Open mingtaiha opened 8 years ago
Hi Ming,
first, I pushed small updates to both synapse and skeleton branches, those should now be able to handle no-file-io cases like this command:
./bin/aimes-skeleton-synapse.py serial flops 1 10000000000 1 1 0 0
you still need the last 4 args though.
Second, if parameter 2 is set to flops
instead of time
, it should in fact influence the number of flops computed. What is the behavior in your case, why do you think sleep is used?
Hey Andre, thanks for getting back to me.
To the second point, when I specify task_mode = flops
, the execution of the emulation lasts several seconds. While I don't think that sleep is being used, it seems that when I specify the time of the sample, Synapse emulates based on the length of the time specified in the sample.
To the first point, I looked aimes-skeleton-synapse.py. I am a little confused by what the last 4 parameters are in the command you gave. I understand the first 4 parameters, which is task_type, task_mode, num_tasks, and task_length, the script still takes in 5 args, the size of the read/write buffers, the number of input/output files, and the interleave option.

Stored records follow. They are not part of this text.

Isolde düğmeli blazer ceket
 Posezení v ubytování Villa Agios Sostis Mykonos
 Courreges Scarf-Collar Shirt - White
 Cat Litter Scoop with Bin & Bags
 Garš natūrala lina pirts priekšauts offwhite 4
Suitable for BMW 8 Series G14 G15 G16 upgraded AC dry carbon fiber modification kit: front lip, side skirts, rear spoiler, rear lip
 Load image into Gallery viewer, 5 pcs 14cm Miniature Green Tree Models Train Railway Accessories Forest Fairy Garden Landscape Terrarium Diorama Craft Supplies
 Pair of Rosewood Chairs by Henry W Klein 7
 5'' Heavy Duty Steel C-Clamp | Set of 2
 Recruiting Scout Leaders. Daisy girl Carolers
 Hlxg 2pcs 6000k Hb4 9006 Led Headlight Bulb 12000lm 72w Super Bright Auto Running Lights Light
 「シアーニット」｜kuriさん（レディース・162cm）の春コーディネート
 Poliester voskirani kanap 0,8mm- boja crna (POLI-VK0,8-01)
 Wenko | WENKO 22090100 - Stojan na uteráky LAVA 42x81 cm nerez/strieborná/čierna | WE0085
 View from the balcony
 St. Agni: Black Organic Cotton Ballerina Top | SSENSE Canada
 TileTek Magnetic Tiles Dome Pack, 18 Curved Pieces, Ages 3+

Also, aimes-skeleton-synapse.py assumes there be input and output files as arguments in the main function, using the functions readfiles and writefiles to emulate the reads/writes. Can I remove these functions since there are not reads/writes?
To the second point, when I specify task_mode = flops, the execution of the emulation lasts several seconds.
Well, when you specify a large number of flops, the emulation is supposed to take a couple of seconds, to actually perform that amount of computation. That is kind of the point :)
While I don't think that sleep is being used, it seems that when I specify the time of the sample, Synapse emulates based on the length of the time specified in the sample.
I am not sure what you mean with 'time of the sample'. If task_mode
is set to flops, then the task_length
is interpreted as flops, not time. If the task_mode
is set to time
, then indeed, task_length
is interpreted as time, and the emulation will in fact sleep for that number of seconds.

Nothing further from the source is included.